Harrelson plays Arthur Poppington, a public works employee who spends his nights putting on the costume of Defendor — he’s very particular about the “o” not being an “e” — and going out to fight crime. He has a particular hatred of drug dealers, as his mother died of drug abuse when he was young. He records his outings on VHS with a camera he has hooked up on his helmet, wields a trench club, and spouts one-liners that cause his targets to roll their eyes more than quake with fear. He’s slow-witted and inept, and in some films that would bring about the comedy that the film is hyped as. But he’s not slow due to being willfully stupid, as with stoner comedies, nor is it the unexplained but comical stupidity of the likes of Adam Sandler movies. It almost immediately becomes apparent — and is confirmed later by psychiatrist Dr. Parks (Sandra Oh) — that Arthur is mentally handicapped. He doesn’t quite comprehend the danger he’s in, and because of a sarcastic comment from his grandfather about the drug pushers being “captains of industry”, he thinks the city’s crime ring is the work of a nefarious Captain Industry. He has the understanding of a small child, but has lost the innocence, and is lashing out in the only method he understands.
Laughing at him would be like laughing when Forrest Gump gets assaulted by bullies.
During one of his nightly crusades, he comes across a man arguing with a young woman in a car, and decides to intervene. The man is corrupt undercover cop Chuck Dooney (Elias Koteas), and the girl is his regular prostitute, Kat (Kat Dennings). Kat starts living with Arthur at his workshop, initially using him as a meal ticket, by feeding him false information about “Captain Industry”, who she claims is Dooney’s boss in the crime ring, Radovan Kristic (A.C. Peterson). As a result, Arthur begins chasing down Dooney and the members of his gang, fighting them and generally getting beaten up. His friend and employer Paul Carter (Michael Kelly) finds out about his activities, and tries to get him to stop; after Arthur is nearly shot in one of his fights, Kat tries to dissuade him as well. But even after Arthur is arrested for assaulting Kat’s father (the incident that results in him being evaluated by Dr.

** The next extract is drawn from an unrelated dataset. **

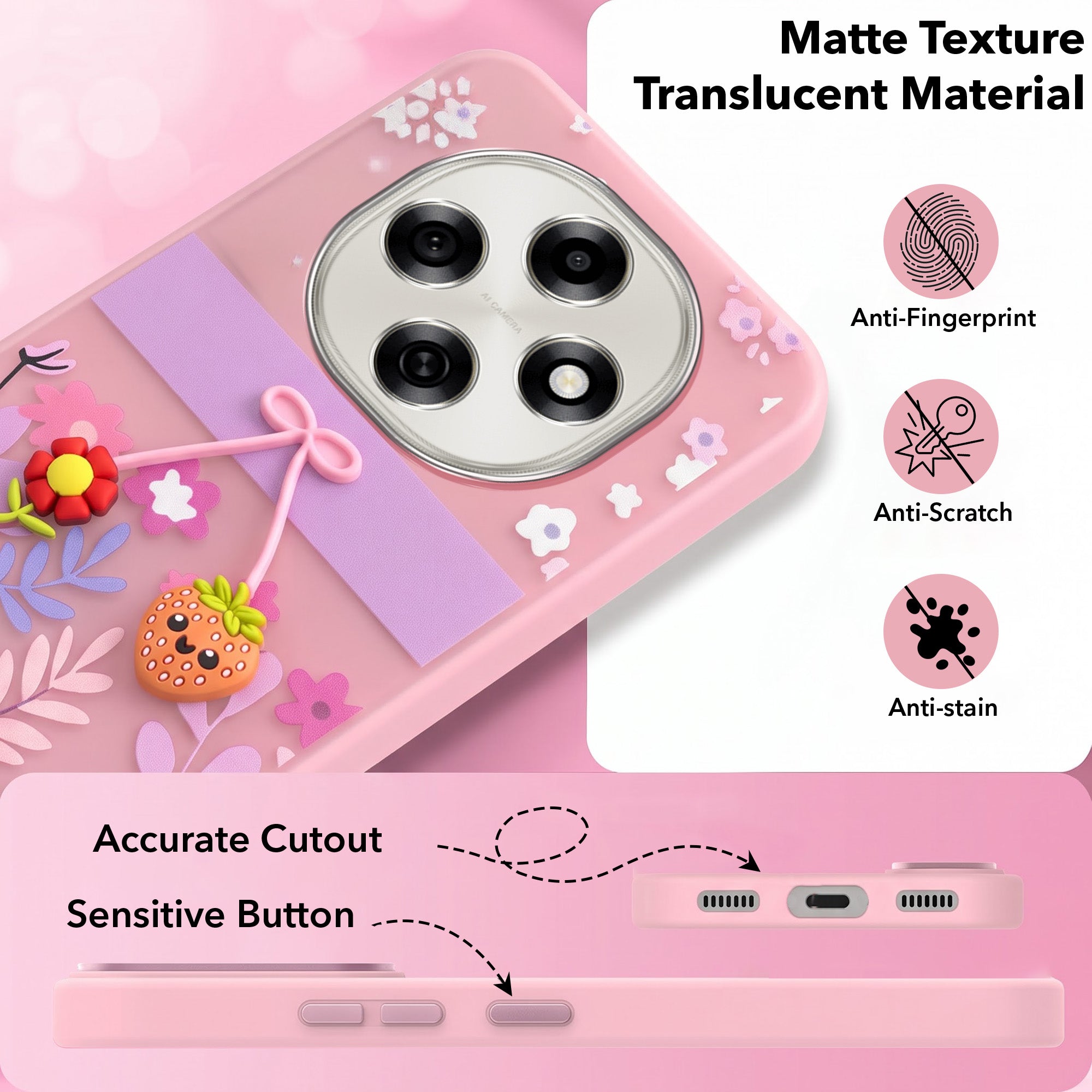 For Oppo F31 Pro Back Cover Case (3D Cute Cartoons | Hard Back Side Soft | Matte Premium Finish | HD Printing)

Parks), he is reluctant to hang up the tights until “Captain Industry” is defeated.
The actors in this film each give their characters a measure of life and reality beyond the limited dialogue they get. Harrelson’s Arthur is simple and honest and deeply earnest with everything he does. Although he’s slow, he is never goofy or wacky or any other descriptor that would befit an idiot hero in a comedy. Kat Dennings plays her namesake role with a nervous vulnerability that she attempts to mask with a hardened exterior; Kat (the character) doesn’t fool the audience, and she doesn’t fool Arthur either. Michael Kelly plays the concerned friend to such a degree that his character could easily have been re-written to be Arthur’s brother. And Koteas and Peterson are both adept at playing sleazeballs who are so inured to what they’re doing that it’s just business to them.
This is the first film directed by actor Peter Stebbings, and although it’s clearly a freshman effort, it’s not a bad one. The fight scenes are short and abrupt, and don’t oversell the skills of the un-super hero. The dark lighting, the frequent scenes of graffiti and disrepair, and the recurring voice-over of a disgruntled talk radio host all play into the mood of the movie, emphasizing how much the city needs a hero of some kind, even one who by all rights should be among the protected and not the protectors. It’s not a cheerful film, and comedic categorization notwithstanding, I don’t think it was meant to be. There’s far too much darkness and too little that could be comfortably funny in the film for it to be “darkly funny”. But it’s a surprisingly thoughtful work, and while the audience may not be laughing at the protagonists, it would be hard not to care about them.